El candidato más votado en la historia reciente del país, que prometía «sacar al ejército» de las calles, propuso inicialmente, y lo llevó a la práctica, que las fuerzas armadas se convirtieran en la principal fuerza de seguridad pública en el país, mediante la creación de la Guardia Nacional, en la que, «sin abandonar sus misiones constitucionales de velar por la seguridad nacional y la integridad territorial del país, la preservación de la soberanía nacional y la asistencia a la población, nuestras fuerzas armadas participen en la construcción de la paz por medio de un papel protagónico en la formación, estructuración y capacitación de la Guardia Nacional…». (Plan de Paz y Seguridad Nacional).
En ese plan se prometía que habría «una formación académica y práctica en procedimientos policiales, derecho penal, derechos humanos, perspectiva de género… etc. …. (y) estará expresamente encargada de prevenir y combatir el delito en todo el territorio nacional y estará dotada de la disciplina, la jerarquía y el escalafón propio de las fuerzas armadas». (Ídem).
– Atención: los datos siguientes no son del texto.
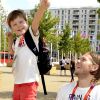 Le prince Christian de Danemark se prend pour Usain Bolt sous le regard amusé de Mikkel Hansen, le 9 août 2012 au village olympique des JO de Londres, à Stratford.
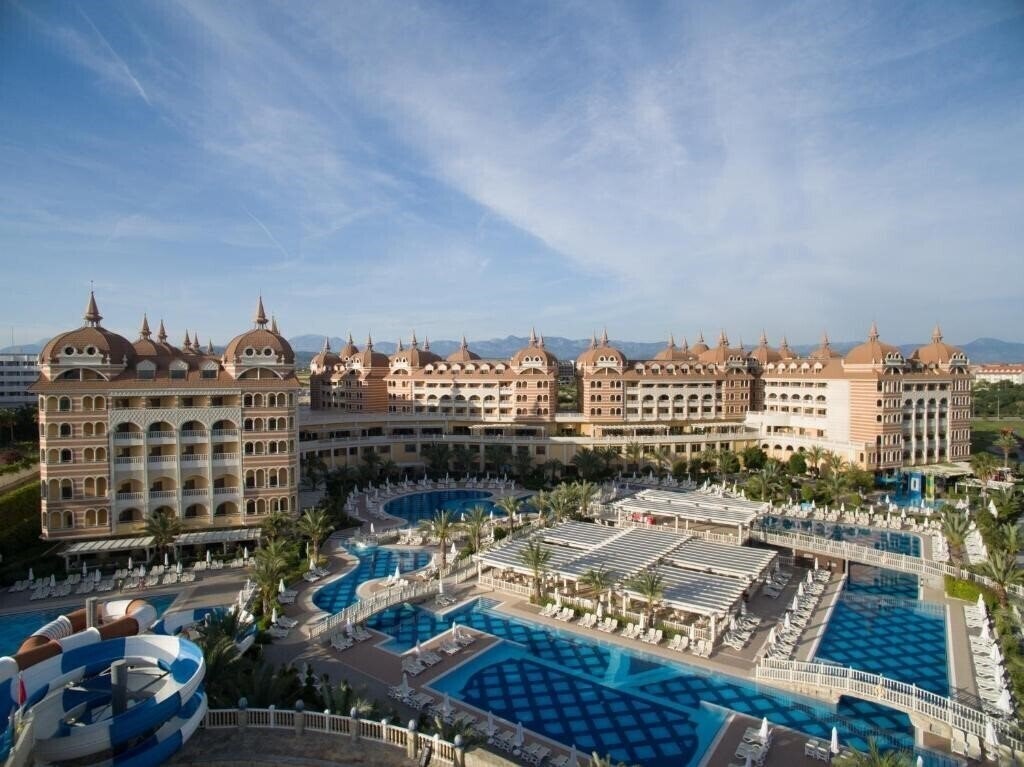 Готель Royal Alhambra Palace 5*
Nada de eso es realidad, todo lo contrario; sin embargo, una parte importante de la sociedad tiene una percepción favorable al discurso presidencial.
Ojalá concordara con la realidad.
¿Y ahora qué vamos a hacer, desarticular la Guardia Nacional, crear una policía federal y devolverle sus facultades a las autoridades civiles sobre este rubro?